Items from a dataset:
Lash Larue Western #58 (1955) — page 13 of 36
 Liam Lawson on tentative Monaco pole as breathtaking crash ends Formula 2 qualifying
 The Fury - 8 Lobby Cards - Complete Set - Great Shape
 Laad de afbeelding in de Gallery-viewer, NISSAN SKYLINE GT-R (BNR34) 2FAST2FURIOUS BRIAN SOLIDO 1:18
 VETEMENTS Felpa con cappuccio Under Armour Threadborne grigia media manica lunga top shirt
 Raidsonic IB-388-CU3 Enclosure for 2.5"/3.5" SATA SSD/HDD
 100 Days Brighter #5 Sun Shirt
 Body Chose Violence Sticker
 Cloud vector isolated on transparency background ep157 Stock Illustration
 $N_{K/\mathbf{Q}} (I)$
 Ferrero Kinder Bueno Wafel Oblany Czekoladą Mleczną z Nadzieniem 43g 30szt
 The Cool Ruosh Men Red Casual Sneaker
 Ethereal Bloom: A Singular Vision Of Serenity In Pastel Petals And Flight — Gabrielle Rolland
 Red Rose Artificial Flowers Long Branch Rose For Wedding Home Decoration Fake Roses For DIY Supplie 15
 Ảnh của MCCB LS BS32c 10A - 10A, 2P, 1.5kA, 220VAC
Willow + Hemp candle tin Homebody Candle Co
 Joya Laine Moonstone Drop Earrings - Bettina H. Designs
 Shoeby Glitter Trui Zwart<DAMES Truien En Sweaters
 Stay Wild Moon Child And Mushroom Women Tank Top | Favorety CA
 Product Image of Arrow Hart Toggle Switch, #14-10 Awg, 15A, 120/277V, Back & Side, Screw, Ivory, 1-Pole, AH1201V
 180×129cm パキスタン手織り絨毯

• **Exercise aim**:
All the lines above are to be copied exactly, with none left out.

• **Answer for the task**:
Lash Larue Western #58 (1955) — page 13 of 36
 Liam Lawson on tentative Monaco pole as breathtaking crash ends Formula 2 qualifying
 The Fury - 8 Lobby Cards - Complete Set - Great Shape
 Laad de afbeelding in de Gallery-viewer, NISSAN SKYLINE GT-R (BNR34) 2FAST2FURIOUS BRIAN SOLIDO 1:18
 VETEMENTS Felpa con cappuccio Under Armour Threadborne grigia media manica lunga top shirt
 Raidsonic IB-388-CU3 Enclosure for 2.5"/3.5" SATA SSD/HDD
 100 Days Brighter #5 Sun Shirt
 Body Chose Violence Sticker
 Cloud vector isolated on transparency background ep157 Stock Illustration
 $N_{K/\mathbf{Q}} (I)$
 Ferrero Kinder Bueno Wafel Oblany Czekoladą Mleczną z Nadzieniem 43g 30szt
 The Cool Ruosh Men Red Casual Sneaker
 Ethereal Bloom: A Singular Vision Of Serenity In Pastel Petals And Flight — Gabrielle Rolland
 Red Rose Artificial Flowers Long Branch Rose For Wedding Home Decoration Fake Roses For DIY Supplie 15
 Ảnh của MCCB LS BS32c 10A - 10A, 2P, 1.5kA, 220VAC
Willow + Hemp candle tin Homebody Candle Co
 Joya Laine Moonstone Drop Earrings - Bettina H. Designs
 Shoeby Glitter Trui Zwart<DAMES Truien En Sweaters
 Stay Wild Moon Child And Mushroom Women Tank Top | Favorety CA
 Product Image of Arrow Hart Toggle Switch, #14-10 Awg, 15A, 120/277V, Back & Side, Screw, Ivory, 1-Pole, AH1201V
 180×129cm パキスタン手織り絨毯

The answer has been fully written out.